Amazon Web Services (AWS) generated total sales of $19.7 billion for its second quarter, up 33% year-over-year, but growth slowed and the big question for the company is how it will fare the rest of the year as enterprise customers face uncertain economic conditions.
Amazon said that it expected profit margins to fluctuate due to potential recession, as well as investments in technology infrastructure and employee costs.
In the first quarter, the cloud services arm of Amazon reported revenue growth of 37%, posting revenue of $18.44 billion.
When asked about possible slower growth in the coming quarters, a phenomenon that rivals such as Microsoft and Oracle are also bracing for, company officials said that its profit margins were dropping sequentially but saw room for overall growth in the business going forward.

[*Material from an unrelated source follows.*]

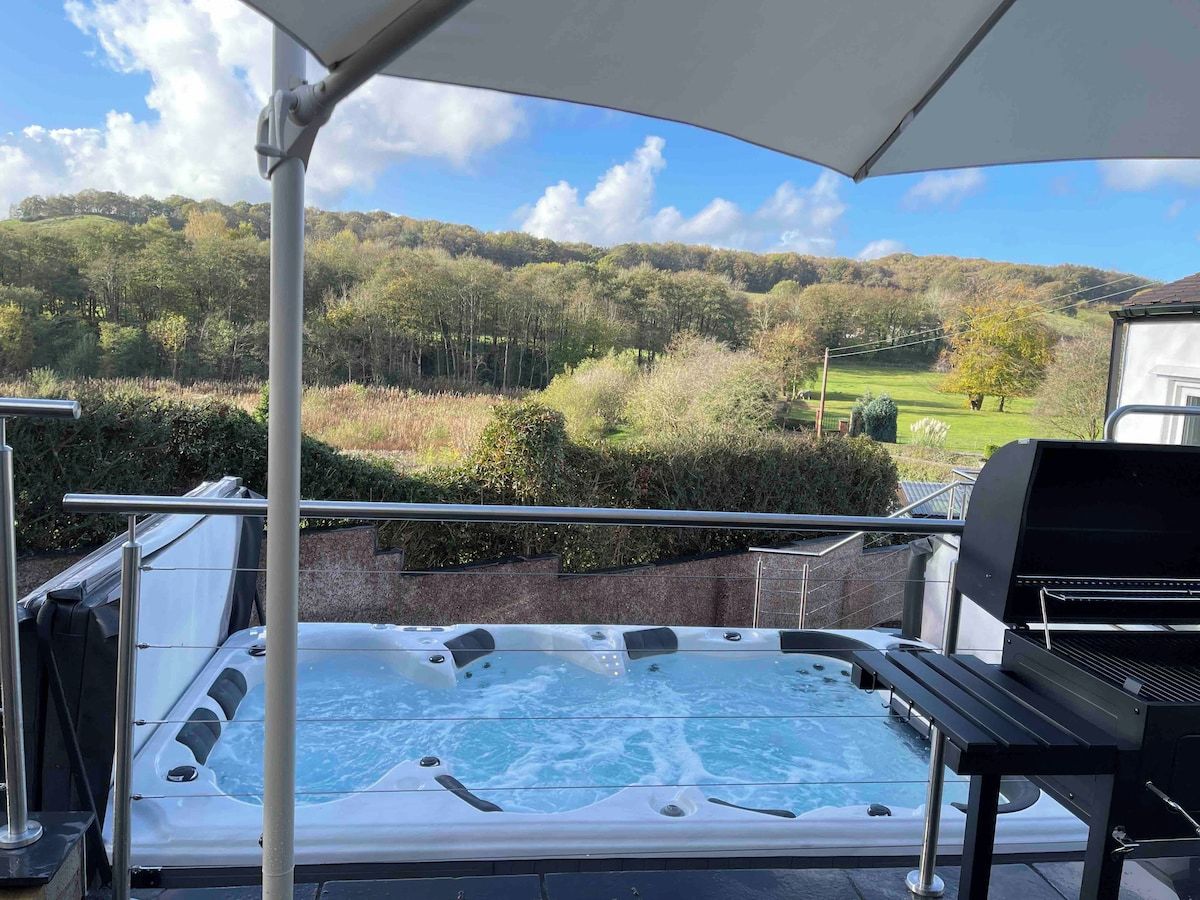 A hot tub with a view of a forested hillside.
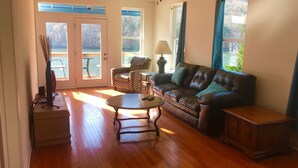 A spacious living room with hardwood floors, a leather sofa, a patterned armchair, a small table, and a cabinet. There are two windows with curtains, a ceiling fan, and a door leading to an outdoor area. - Waterfront Paradise- 10 minutes from downtown Chattanooga (Chattanooga)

“The margin rate is going to fluctuate in this business,” said Brian Olsavsky, Amazon’s chief financial officer, according to a transcript of the company’s earnings call on Thursday.

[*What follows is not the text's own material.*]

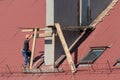 Life-threatening high-altitude work. A team of roofers works on the roof without insurance. Repair of the roof and ventilation Royalty Free Stock Photo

“It’s going to be always a factor of new investment and things like the sales force and new regions and infrastructure capacity, offset by infrastructure efficiency gains that we see, pricing issues as we extend contracts,” Olsavsky added.
The company is expecting to add 24 new availability zones (the AWS term for cloud regions) across eight regions, over the existing 84 availability zones across 26 geographic locations.
Some of these locations include sites in Australia, Canada, India, Israel, New Zealand, Spain, Switzerland, and the UAE.
Rivals such as Microsoft and Oracle also have said that they will invest into building new cloud regions over the next fiscal year.
Will recession fears dampen growth?
Several cloud service providers have said they expect that the fear of a potential recession will slow down booking rates as enterprises take longer to work through deal terms and duration. AWS, however, believes that while some customers may dial down their cloud subscriptions, it could turn the uncertain economic conditions to its advantage. The belief is based on past experiences from similar conditions in 2008 and 2020.
The rationale, according to Olsavsky, is that most businesses would want to invest in cloud computing during a recession-like period than buying data center equipment, which would lock up capital.